Study reveals yet another catastrophic unintended effect of gene editing. Report: Claire Robinson
In another of a long line of studies showing unintended effects of gene editing, the CRISPR-Cas gene editing tool has been found to cause the loss of whole chromosomes and genomic instability in mouse embryos.
The finding is yet another nail in the coffin for human germline (heritable) gene editing with CRISPR, though there are plenty of people who persist in advocating it. The study comes hot on the heels of another, which found that editing human cells with CRISPR caused chromothripsis, an extremely damaging form of genomic rearrangement that results from the shattering of individual chromosomes and the subsequent rejoining of the pieces in a haphazard order.
The genetic material in certain (“eukaryotic”) microorganisms, plants, animals and humans exists in bundles known as “chromosomes”. In organisms that sexually reproduce (plants, animals, humans), two copies of each chromosome are inherited, one from each parent. Loss of a chromosome results in gene imbalance and function, leading to severe inherited diseases and is also frequently seen in cancer. So any procedure that induces chromosome loss is bad news and should be avoided.
Both studies share some of the same authors, including David Pellman of the Dana-Farber Cancer Institute and Harvard Medical School.
Chromothripsis is an unintended on-target effect, meaning that it happens at the intended edit site. Chromosome loss is also occurring as an unintended side effect of the CRISPR editing procedure. This means that efforts to target the CRISPR edit more precisely will not reduce the chances of these types of unintended effects.
David Pellman correctly said of the chromothripsis finding, "You cannot make this go away by making the cutting more specific." In their published paper, Pellman and his co-researchers warned that chromothripsis is "an on-target toxicity that may be minimized by cell manipulation protocols or screening but cannot be completely avoided in many genome editing applications".
This will also apply to the chromosome loss finding. It doesn't matter how specific the CRISPR targeting is – this effect could still occur. There is simply no way of avoiding or controlling it.
The major worry with chromothripsis and chromosome loss in therapeutic settings is that it can lead to cancer or an inherited disease in any children of the affected patient. It would only take a single cell to be affected by chromothripsis or chromosome loss.
Relevance to gene editing in agriculture
Both unintended effects – chromothripsis and chromosome loss – are relevant to the gene editing of farm animals using an embryo manipulation process. This avoids cloning and thus bypasses the well-known risks associated with cloning of animals, but introduces the above-mentioned gene-editing-induced risks. Just like chromothripsis, chromosome loss could potentially lead to cancer and other diseases.
An example of how gene editing using embryo manipulation can go wrong is Alison Van Eenennaam's experiments with gene-edited cattle. Van Eenennaam and colleagues tried to cleanly target the insertion of a gene into cattle embryo DNA that would lead only to the birth of male calves. Instead what they got was just one live calf – which turned out to have seven copies of a gene integrated in its DNA when only one was supposed to insert. Two of them had been inserted backwards. In addition, the integrated gene copies were not clean; that is, the whole bacterial plasmid DNA construct that carried the male-determining gene was inserted rather than just the desired gene sequence. So the research programme that was intended to create an all-male herd for the beef industry failed miserably. This is a classic illustration of how far gene editors are from being able to control what they are trying to do.
Research now needs to be done to see if chromothripsis and chromosome loss occur in gene-edited plants. Currently, most researchers use inadequate screening methods to check for unintended outcomes of gene editing, meaning that these effects can be missed. Whole genome long-read DNA sequencing and long-range PCR should be used in combination to ensure that as many genetic errors as possible are picked up. Then their consequences must be investigated, to ensure that they do not result in unintended effects, such as unexpected toxicity or allergenicity.
The new study:
Whole chromosome loss and genomic instability in mouse embryos after CRISPR-Cas9 genome editing.

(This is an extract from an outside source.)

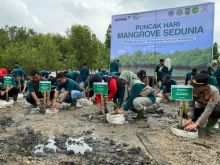 Penanaman mangrove di Desa Bagan Melibur, Kecamatan Merbau, Kabupaten Kepulauan Meranti dalam rangka peringatan Hari Manggrove Sedunia.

Stamatis Papathanasiou, Styliani Markoulaki, Logan J. Blaine, Mitchell L. Leibowitz, Cheng-Zhong Zhang, Rudolf Jaenisch & David Pellman Nature Communications volume 12, Article number: 5855 (2021) https://www.nature.com/articles/s41467-021-26097-y
Karyotype alterations have emerged as on-target complications from CRISPR-Cas9 genome editing. However, the events that lead to these karyotypic changes in embryos after Cas9-treatment remain unknown. Here, using imaging and single-cell genome sequencing of 8-cell stage embryos, we track both spontaneous and Cas9-induced karyotype aberrations through the first three divisions of embryonic development. We observe the generation of abnormal structures of the nucleus that arise as a consequence of errors in mitosis, including micronuclei and chromosome bridges, and determine their contribution to common karyotype aberrations including whole chromosome loss that has been recently reported after editing in embryos. Together, these data demonstrate that Cas9-mediated germline genome editing can lead to unwanted on-target side effects, including major chromosome structural alterations that can be propagated over several divisions of embryonic development.